# Your objective
Output the records that follow, with every character intact.

Records excerpted from a collection:
-- -- --
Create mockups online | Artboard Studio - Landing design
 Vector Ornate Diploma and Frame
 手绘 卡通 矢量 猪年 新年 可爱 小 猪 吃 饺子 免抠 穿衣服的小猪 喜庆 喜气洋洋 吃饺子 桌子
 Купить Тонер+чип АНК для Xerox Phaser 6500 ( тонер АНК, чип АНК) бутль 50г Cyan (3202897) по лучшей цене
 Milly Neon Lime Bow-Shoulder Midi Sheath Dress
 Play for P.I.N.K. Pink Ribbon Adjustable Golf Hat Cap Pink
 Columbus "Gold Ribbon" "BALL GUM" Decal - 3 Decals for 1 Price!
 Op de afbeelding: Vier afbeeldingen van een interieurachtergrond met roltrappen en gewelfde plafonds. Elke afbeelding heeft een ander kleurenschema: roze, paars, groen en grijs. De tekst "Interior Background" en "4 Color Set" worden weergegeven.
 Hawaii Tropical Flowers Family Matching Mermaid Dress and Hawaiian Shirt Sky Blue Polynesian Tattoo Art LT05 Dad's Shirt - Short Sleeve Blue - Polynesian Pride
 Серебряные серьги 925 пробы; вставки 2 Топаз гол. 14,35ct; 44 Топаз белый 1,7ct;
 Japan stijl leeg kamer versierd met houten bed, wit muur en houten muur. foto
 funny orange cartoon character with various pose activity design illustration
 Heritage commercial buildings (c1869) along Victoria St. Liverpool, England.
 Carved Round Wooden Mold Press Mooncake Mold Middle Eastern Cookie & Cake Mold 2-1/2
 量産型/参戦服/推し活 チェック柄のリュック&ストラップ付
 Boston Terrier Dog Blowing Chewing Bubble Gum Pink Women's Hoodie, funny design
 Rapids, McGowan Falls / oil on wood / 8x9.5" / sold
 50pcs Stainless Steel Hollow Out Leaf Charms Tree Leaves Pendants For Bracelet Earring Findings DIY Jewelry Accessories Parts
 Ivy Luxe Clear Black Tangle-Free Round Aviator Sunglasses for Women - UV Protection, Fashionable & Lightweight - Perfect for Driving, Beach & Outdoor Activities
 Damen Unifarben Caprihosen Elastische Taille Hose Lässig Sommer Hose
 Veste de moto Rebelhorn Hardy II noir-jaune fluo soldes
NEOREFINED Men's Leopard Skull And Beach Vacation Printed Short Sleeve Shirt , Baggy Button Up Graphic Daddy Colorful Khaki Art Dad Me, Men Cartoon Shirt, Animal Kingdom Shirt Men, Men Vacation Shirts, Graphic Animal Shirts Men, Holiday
-- -- --
# Response to the exercise
Create mockups online | Artboard Studio - Landing design
 Vector Ornate Diploma and Frame
 手绘 卡通 矢量 猪年 新年 可爱 小 猪 吃 饺子 免抠 穿衣服的小猪 喜庆 喜气洋洋 吃饺子 桌子
 Купить Тонер+чип АНК для Xerox Phaser 6500 ( тонер АНК, чип АНК) бутль 50г Cyan (3202897) по лучшей цене
 Milly Neon Lime Bow-Shoulder Midi Sheath Dress
 Play for P.I.N.K. Pink Ribbon Adjustable Golf Hat Cap Pink
 Columbus "Gold Ribbon" "BALL GUM" Decal - 3 Decals for 1 Price!
 Op de afbeelding: Vier afbeeldingen van een interieurachtergrond met roltrappen en gewelfde plafonds. Elke afbeelding heeft een ander kleurenschema: roze, paars, groen en grijs. De tekst "Interior Background" en "4 Color Set" worden weergegeven.
 Hawaii Tropical Flowers Family Matching Mermaid Dress and Hawaiian Shirt Sky Blue Polynesian Tattoo Art LT05 Dad's Shirt - Short Sleeve Blue - Polynesian Pride
 Серебряные серьги 925 пробы; вставки 2 Топаз гол. 14,35ct; 44 Топаз белый 1,7ct;
 Japan stijl leeg kamer versierd met houten bed, wit muur en houten muur. foto
 funny orange cartoon character with various pose activity design illustration
 Heritage commercial buildings (c1869) along Victoria St. Liverpool, England.
 Carved Round Wooden Mold Press Mooncake Mold Middle Eastern Cookie & Cake Mold 2-1/2
 量産型/参戦服/推し活 チェック柄のリュック&ストラップ付
 Boston Terrier Dog Blowing Chewing Bubble Gum Pink Women's Hoodie, funny design
 Rapids, McGowan Falls / oil on wood / 8x9.5" / sold
 50pcs Stainless Steel Hollow Out Leaf Charms Tree Leaves Pendants For Bracelet Earring Findings DIY Jewelry Accessories Parts
 Ivy Luxe Clear Black Tangle-Free Round Aviator Sunglasses for Women - UV Protection, Fashionable & Lightweight - Perfect for Driving, Beach & Outdoor Activities
 Damen Unifarben Caprihosen Elastische Taille Hose Lässig Sommer Hose
 Veste de moto Rebelhorn Hardy II noir-jaune fluo soldes
NEOREFINED Men's Leopard Skull And Beach Vacation Printed Short Sleeve Shirt , Baggy Button Up Graphic Daddy Colorful Khaki Art Dad Me, Men Cartoon Shirt, Animal Kingdom Shirt Men, Men Vacation Shirts, Graphic Animal Shirts Men, Holiday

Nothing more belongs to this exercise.